16 Apr. 1754William Belchier797
 William Hammond597
 Sir Crisp Gascoyne523
1 Apr. 1761Joseph Mawbey981
 Alexander Hume950
 William Hammond608
23 Dec. 1765Henry Thrale vice Hume, deceased 
23 Mar. 1768Henry Thrale1248
 Sir Joseph Mawbey1159
 William Belchier994
18 Oct. 1774Nathaniel Polhill1195
 Henry Thrale1026
 William Lee741
 Sir Abraham Hume457
13 Sept. 1780Sir Richard Hotham1300
 Nathaniel Polhill1138
 Henry Thrale855
24 Sept. 1782Henry Thornton vice Thrale, deceased978
 James Adair588
1 Apr. 1784Henry Thornton 
 Sir Barnard Turner 
25 June 1784Paul Le Mesurier vice Turner, deceased995
 Sir Richard Hotham924

Main Article

Technically Southwark was a City of London ward, named Bridge Ward Without, subject to the lord mayor whose bailiff was the returning officer.

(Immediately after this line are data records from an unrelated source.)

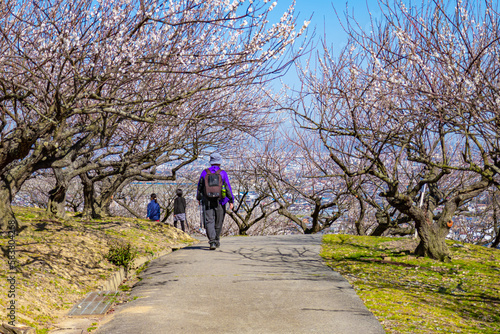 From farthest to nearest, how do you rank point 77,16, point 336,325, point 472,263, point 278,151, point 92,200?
point 278,151
point 92,200
point 472,263
point 77,16
point 336,325

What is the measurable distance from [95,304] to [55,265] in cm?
180

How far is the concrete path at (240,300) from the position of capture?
5.29 m

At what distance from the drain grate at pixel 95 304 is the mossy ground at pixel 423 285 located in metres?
3.73

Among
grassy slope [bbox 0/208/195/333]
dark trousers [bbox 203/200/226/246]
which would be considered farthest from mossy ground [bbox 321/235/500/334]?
grassy slope [bbox 0/208/195/333]

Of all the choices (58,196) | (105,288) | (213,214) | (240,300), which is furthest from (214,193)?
(58,196)

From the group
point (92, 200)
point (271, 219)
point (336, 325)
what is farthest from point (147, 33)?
point (271, 219)

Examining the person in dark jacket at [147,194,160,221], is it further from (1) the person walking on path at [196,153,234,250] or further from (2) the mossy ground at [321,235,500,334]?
(2) the mossy ground at [321,235,500,334]

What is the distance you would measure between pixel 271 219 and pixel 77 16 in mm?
Answer: 31101

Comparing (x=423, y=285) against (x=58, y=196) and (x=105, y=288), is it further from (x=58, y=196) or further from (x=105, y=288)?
(x=58, y=196)

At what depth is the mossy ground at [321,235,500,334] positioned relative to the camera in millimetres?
5906

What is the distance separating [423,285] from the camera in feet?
26.5

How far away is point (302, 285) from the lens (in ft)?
24.6

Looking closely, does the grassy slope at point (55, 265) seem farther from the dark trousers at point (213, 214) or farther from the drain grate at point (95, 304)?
the dark trousers at point (213, 214)

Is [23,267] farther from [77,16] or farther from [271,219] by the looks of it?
[271,219] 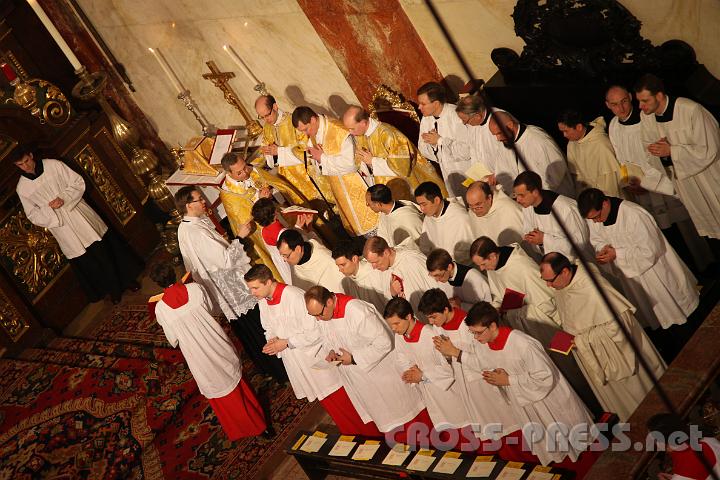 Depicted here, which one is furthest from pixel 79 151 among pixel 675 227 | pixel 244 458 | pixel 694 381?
pixel 694 381

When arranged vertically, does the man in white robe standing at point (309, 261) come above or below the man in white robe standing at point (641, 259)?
above

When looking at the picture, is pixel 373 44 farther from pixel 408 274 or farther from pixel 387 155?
pixel 408 274

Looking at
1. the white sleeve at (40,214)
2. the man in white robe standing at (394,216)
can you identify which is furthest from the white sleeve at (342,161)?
the white sleeve at (40,214)

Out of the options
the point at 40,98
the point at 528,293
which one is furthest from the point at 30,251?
the point at 528,293

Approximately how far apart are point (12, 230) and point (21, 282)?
608mm

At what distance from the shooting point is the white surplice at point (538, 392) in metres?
6.18

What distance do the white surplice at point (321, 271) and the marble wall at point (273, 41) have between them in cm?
267

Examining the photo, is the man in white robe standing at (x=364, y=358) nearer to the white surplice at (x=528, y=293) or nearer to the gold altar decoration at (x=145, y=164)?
the white surplice at (x=528, y=293)

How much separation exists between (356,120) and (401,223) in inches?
46.9

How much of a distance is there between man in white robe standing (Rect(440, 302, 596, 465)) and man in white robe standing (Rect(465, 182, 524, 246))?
1.38m

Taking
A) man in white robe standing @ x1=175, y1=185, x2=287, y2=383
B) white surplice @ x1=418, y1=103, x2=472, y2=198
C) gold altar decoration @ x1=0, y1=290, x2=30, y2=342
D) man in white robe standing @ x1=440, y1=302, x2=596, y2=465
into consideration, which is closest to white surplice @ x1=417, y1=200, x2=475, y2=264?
white surplice @ x1=418, y1=103, x2=472, y2=198

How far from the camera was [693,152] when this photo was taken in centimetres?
721

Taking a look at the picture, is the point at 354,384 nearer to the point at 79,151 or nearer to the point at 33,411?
the point at 33,411

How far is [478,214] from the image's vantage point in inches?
295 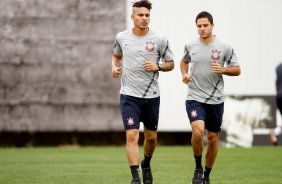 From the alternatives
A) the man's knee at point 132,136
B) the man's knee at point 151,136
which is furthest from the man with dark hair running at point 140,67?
the man's knee at point 151,136

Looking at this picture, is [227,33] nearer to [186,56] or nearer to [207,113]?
[186,56]

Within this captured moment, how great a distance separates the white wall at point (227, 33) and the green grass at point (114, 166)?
1.62 m

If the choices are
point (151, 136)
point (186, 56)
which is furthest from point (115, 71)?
point (186, 56)

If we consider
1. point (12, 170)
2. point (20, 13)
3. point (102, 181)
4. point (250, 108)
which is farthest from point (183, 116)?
point (102, 181)

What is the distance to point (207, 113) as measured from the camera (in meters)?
12.7

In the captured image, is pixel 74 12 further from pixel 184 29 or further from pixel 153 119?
pixel 153 119

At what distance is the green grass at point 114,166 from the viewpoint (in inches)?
556

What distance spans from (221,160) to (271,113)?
21.4 ft

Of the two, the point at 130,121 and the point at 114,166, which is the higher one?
the point at 130,121

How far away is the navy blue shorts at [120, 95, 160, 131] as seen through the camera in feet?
39.0

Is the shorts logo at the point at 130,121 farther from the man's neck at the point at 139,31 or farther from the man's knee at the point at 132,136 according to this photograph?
the man's neck at the point at 139,31

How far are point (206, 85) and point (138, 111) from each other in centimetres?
111

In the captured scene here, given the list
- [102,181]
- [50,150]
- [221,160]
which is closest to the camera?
[102,181]

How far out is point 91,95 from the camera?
82.3ft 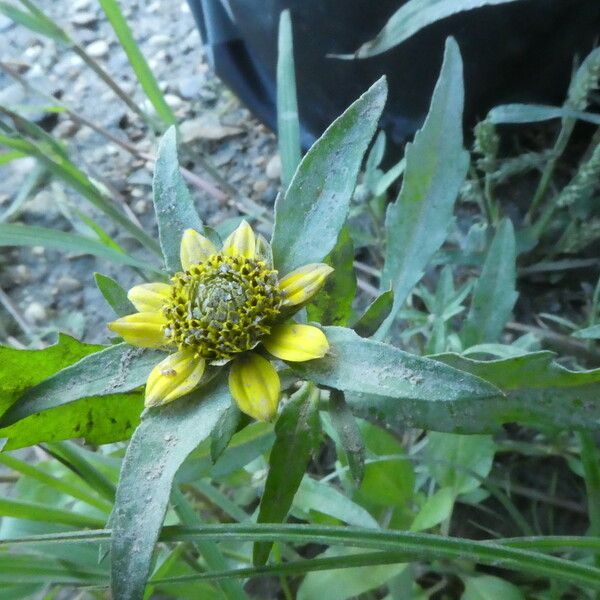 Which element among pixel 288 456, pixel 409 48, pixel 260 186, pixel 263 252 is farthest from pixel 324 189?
pixel 260 186

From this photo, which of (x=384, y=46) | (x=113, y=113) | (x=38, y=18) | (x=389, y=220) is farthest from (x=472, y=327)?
(x=113, y=113)

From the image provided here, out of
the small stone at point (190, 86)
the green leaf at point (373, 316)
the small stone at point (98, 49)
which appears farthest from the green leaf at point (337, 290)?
the small stone at point (98, 49)

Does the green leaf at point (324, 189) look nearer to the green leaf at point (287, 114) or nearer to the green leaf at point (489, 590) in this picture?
the green leaf at point (287, 114)

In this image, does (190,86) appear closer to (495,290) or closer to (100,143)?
(100,143)

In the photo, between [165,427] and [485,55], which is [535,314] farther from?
[165,427]

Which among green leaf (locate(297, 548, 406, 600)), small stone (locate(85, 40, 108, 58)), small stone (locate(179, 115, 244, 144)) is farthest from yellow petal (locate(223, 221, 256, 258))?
small stone (locate(85, 40, 108, 58)) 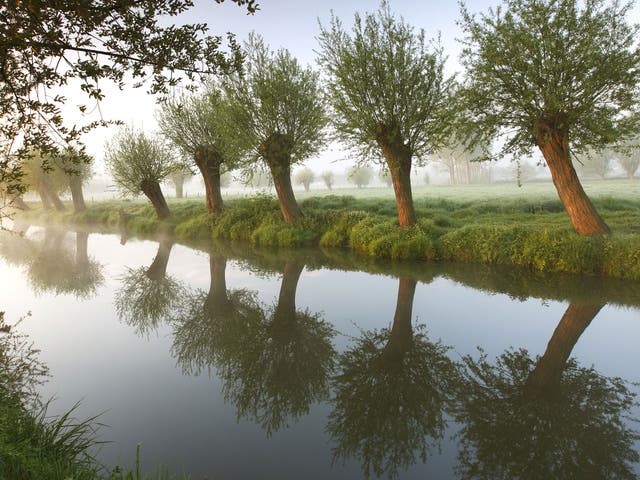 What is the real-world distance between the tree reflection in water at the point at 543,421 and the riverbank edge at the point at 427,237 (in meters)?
6.25

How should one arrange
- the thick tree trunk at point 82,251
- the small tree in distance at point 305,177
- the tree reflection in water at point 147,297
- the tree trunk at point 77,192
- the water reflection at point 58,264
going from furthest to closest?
the small tree in distance at point 305,177 → the tree trunk at point 77,192 → the thick tree trunk at point 82,251 → the water reflection at point 58,264 → the tree reflection in water at point 147,297

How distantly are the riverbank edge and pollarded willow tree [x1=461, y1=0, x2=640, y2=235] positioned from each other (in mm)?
1536

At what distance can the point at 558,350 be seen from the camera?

No one permanent predominant interest could be established in this populous urban constituency; and its politics were affected to some extent by London radicalism. Throughout the period 1754-1790 Southwark was invariably represented by local business men or by City merchants and bankers. William Hammond and Henry Thrale were Southwark brewers, and Joseph Mawbey was a Southwark distiller. Nathaniel Polhill was a tobacco merchant in the borough and a banker in London. William Belchier and Henry Thornton were London bankers; and Sir Barnard Turner and Paul Le Mesurier, London aldermen. Richard Hotham had started as a hatter at Southwark, and next became an East India merchant, as was also Le Mesurier.

Thornton was elected in 1782 although he refused to give the customary money to the voters, and the general election of 1784 was the only one during this period when there was no contest.